Invitation to Participatory Methods Training

25th August 2014, London

The Participatory Geographies Research Group is organising a training day to offer both theoretical and practical advice on participatory methods. Activities we aim to do on the day include:

  • Keynote speakers from geography and other disciplines
  • Workshops on specific methods (e.g. visual approaches, militant ethnography)
  • Bring non-academic approaches in dialogue with academics, in particular from those involved in facilitation, collective work and social change.
  • Provide help for PhD students dealing with challenges at different stages in their research.
  • Explore the opportunities and challenges of working with participatory methods across disciplines.
  • Engage in forms of participatory activities on the day.
  • Provide an open space to discuss common dilemmas and find ways of supporting each other.

We hope to be able to provide a limited number of students with travel bursaries, details to follow.
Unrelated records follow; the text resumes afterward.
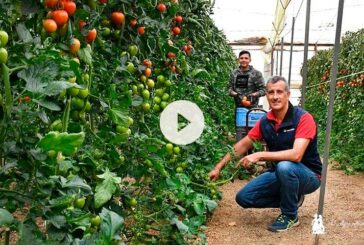 Zenete de Takii entra fuerte en el mercado del tomate pera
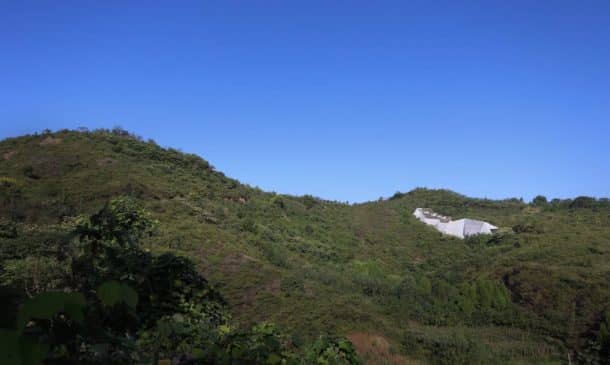 the-dinosaur-egg-museum-in-china-is-built-from-bamboo-and-concrete_image-1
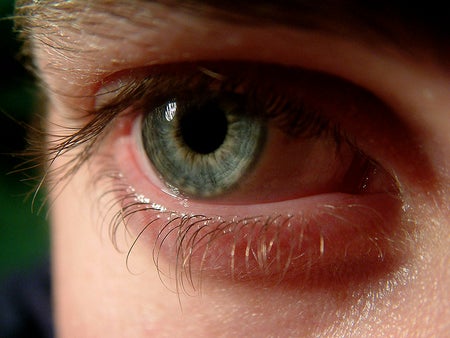 close-up of the human eye
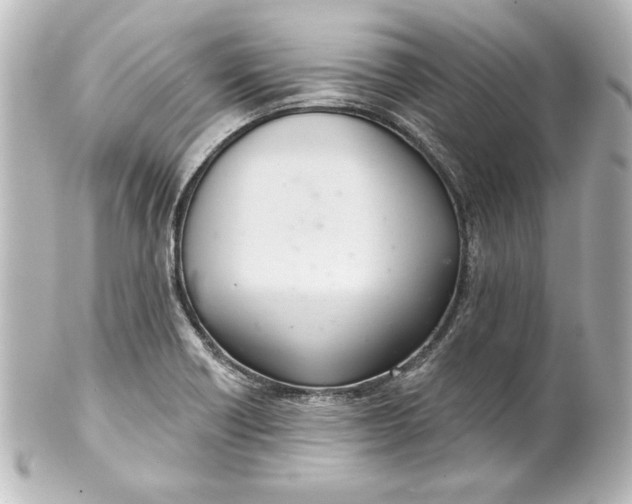 X0000101421418200807280927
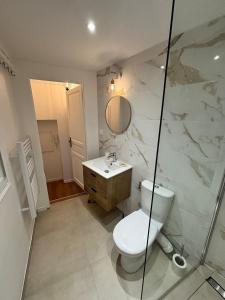 a bathroom with a toilet and a sink and a shower at Grand studio 31 m2 plus mezzanine centre ville grasse in Grasse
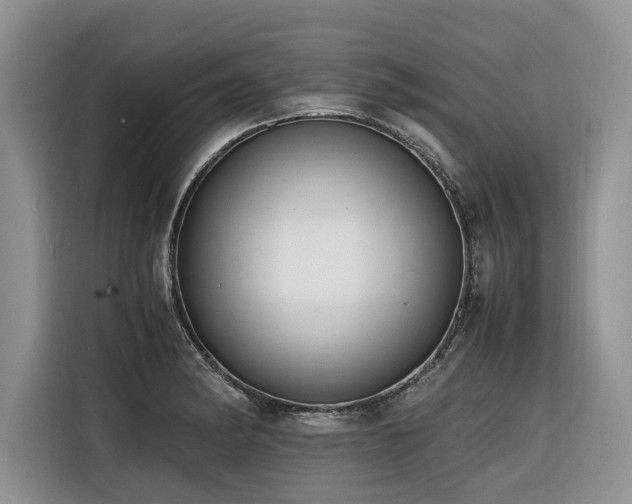X0000116421182200912081458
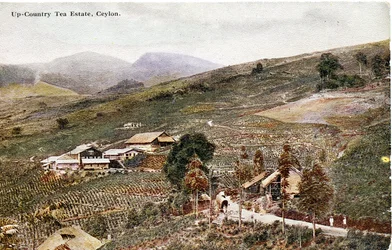 Plantation de thé en montagne, Ceylan, vers 1900-20 (photographie colorisée à la main)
Pending the responses from our funding application, we may ask for a £10 contribution per person to cover costs (including lunch).

For now, we would ask for expressions of interest, letting us know (i) if you would like to attend, (ii) if you have a particular interest for what we do on the day, (iii) if you would like to volunteer to take part in the organisation in any way (e.g. provide a workshop), and (iv) if you have any other ideas or question.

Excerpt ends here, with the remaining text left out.